More stock, less work

Waikite property owners Brian Webster (left) and farm manager Stuart Browning, have turned their...
Waikite property owners Brian Webster (left) and farm manager Stuart Browning, have turned their farm into a full time dairy grazing operation and they run more than 1000 head of stock. Photo: Yvonne O'Hara
Since changing their farming practice to growing all grass year round for full-time dairy grazing, running more than 1000 head of stock was a "doddle'', farm manager Stuart Browning said.

He and wife Kim work for Brian and Glennis Webster, of the Coromandel Peninsula, who bought the 370ha (300ha effective) "Waikite'' property next to Waituna Lagoon 11 years ago.

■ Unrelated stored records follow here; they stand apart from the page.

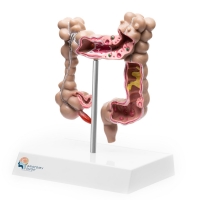 Myaskro - Colon Pathological Model Showing Various Pathologies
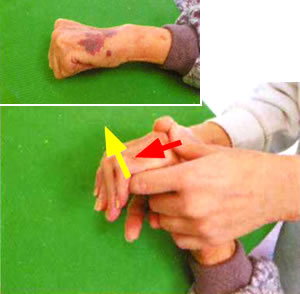 拘縮手指の伸ばし方(1)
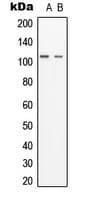 GCP3 / TUBGCP3 Antibody (aa216-255)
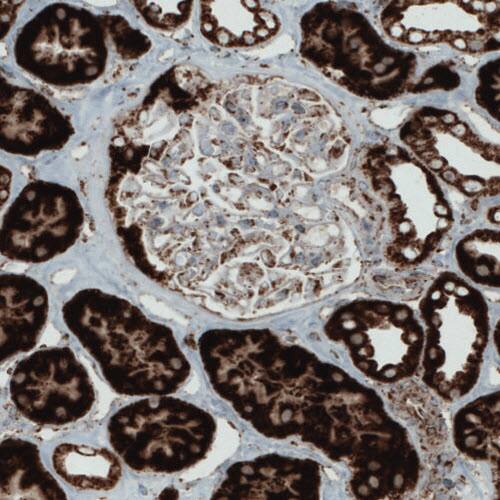 Staining of human kidney shows strong cytoplasmic positivity in renal tubules.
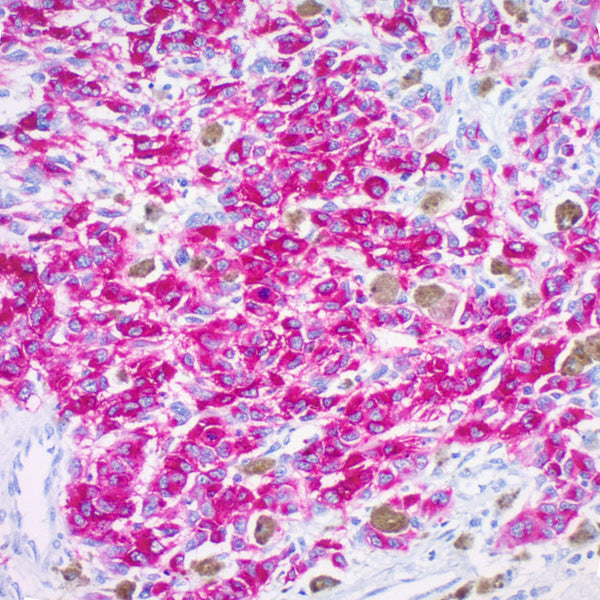 Melanoma (Clone HMB45 ) - Teomics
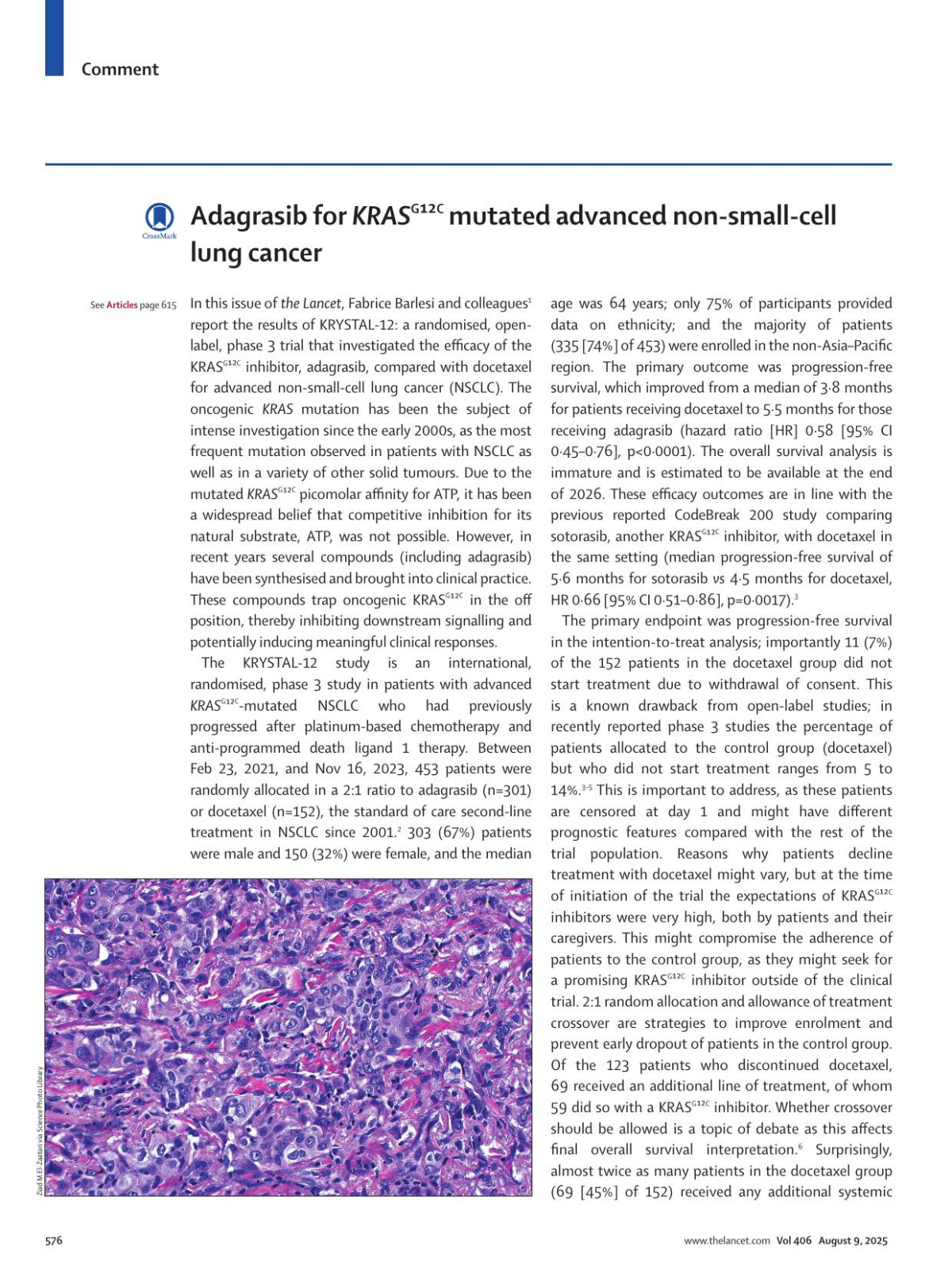 Adagrasib For Krasg12c Mutated Advanced Nonsmallcell Lung Cancer Egbert F Smit Annemarie C Dingemans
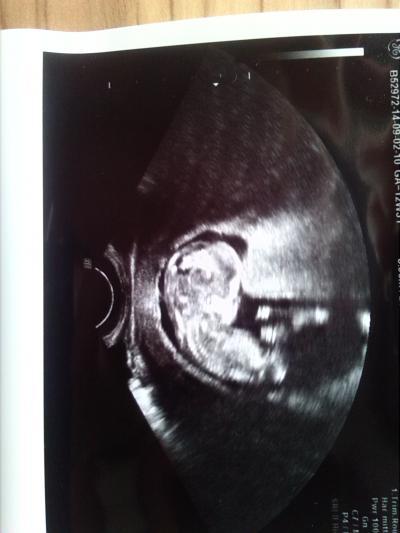 Bild zu wieder da ..... - Forum für März - Mamis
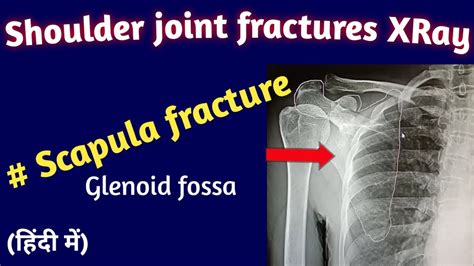 How To Read Shoulder Joint Fracture X Ray Scapula Fracture Xray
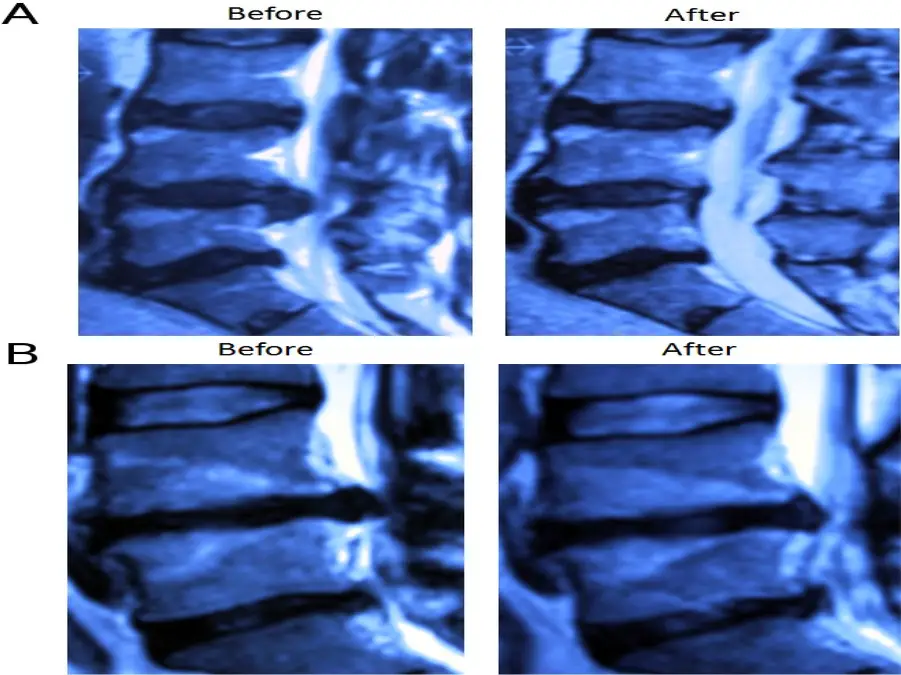 اوزون درمانی غیرجراحی است. تصویربرداری مانند MRI یا CT Scan برای تشخیص دقیقتر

Since the Websters and Mr Browning changed the farming system, they have gone from about 600 stock on crop and grass, to grass only and running nearly twice that number while reducing their workload and making significant feed savings.

They grow about 1million kg of dry matter annually for silage to feed the more than 1000 head of cattle and calves they graze for about eight clients each year and have about 99% utilisation.

"We have doubled the stock numbers with less work and we are growing more grass than ever,'' Mr Browning said.

The large sheltered feedpad is a key element for the success of the Waikite property's full time...
The large sheltered feedpad is a key element for the success of the Waikite property's full time dairy grazing operation near Waituna Lagoon. Photo: Yvonne O'Hara
They built a large feedpad with two plastic overhead shelters in 2015, as part of their wintering plan, and intend to add another pad before the next winter.

"The feed pad drives the business,'' he said.

"When I say that it is a doddle, all our calves go on the feedpad.

"This last winter we had them fed in an hour so that is when it is a doddle.

"We keep trying to improve what we have got rather than developing more land.''

He and a permanent part-time employee run the farm but bring in contractors when required.

They focus on growing grass with a limited amount of crop to meet autumn feed demands.

"We mow for silage twice, with the first cut of 110ha in November and the second cut of 80ha to 90ha in January.''

The silage bunkers by the feedpad contain about 400,000kgDM each and they use "Secure Covers'', to cover it, rather than tyres.

Mr Webster said they had heifers on the pad during May, and when they left for winter grazing, they put the calves for 110 days.

The calves gained about 600gm a day on the pad.

They keep the calves from different clients separate using panels, because of Micoplasma bovis

"The main thing is animal welfare,'' Mr Webster said.

Mr Browning said they worked out their nutrient budget several years ago under the old system, and more recently did it again when they started using the feed pad and found little difference in nutrient losses.

They have a 150-day, 7.5m litre effluent pond, and also divert rainwater away from the feedpad roofs.

To empty the pond they irrigate the 50ha they use for growing silage and return the nutrients to the soil, with very little loss.

Used woodchips from the feed pad are spread on the paddocks.

The farming team was nominated for the 24th Environment Southland Community Awards' Environmental Leadership in Farming and Land Management section, which were held last week in Invercargill, and was "commended''.

The property is next to Waituna Lagoon, so environmental practices are a key element of their farming operation and the over-arching rules and regulations influence their planning to some degree.

Mrs Webster began riparian planting Currans Creek, which runs through their land 11 years ago.

Since then they have added extensive shelter belts and riparian planting along the other waterways, removed most of the gorse, fenced off most of the waterways and wetlands, shut up 50ha of regenerating native bush and wetlands, and have further projects planned.

Mr Browning said they had worked with Environment Southland, in planting and possum culling.

Living Waters is to assist with some riparian planting and will continue to maintain that area for them for three years.

In addition, a trial is under way looking at the use of a parasitic wasp to control ragwort.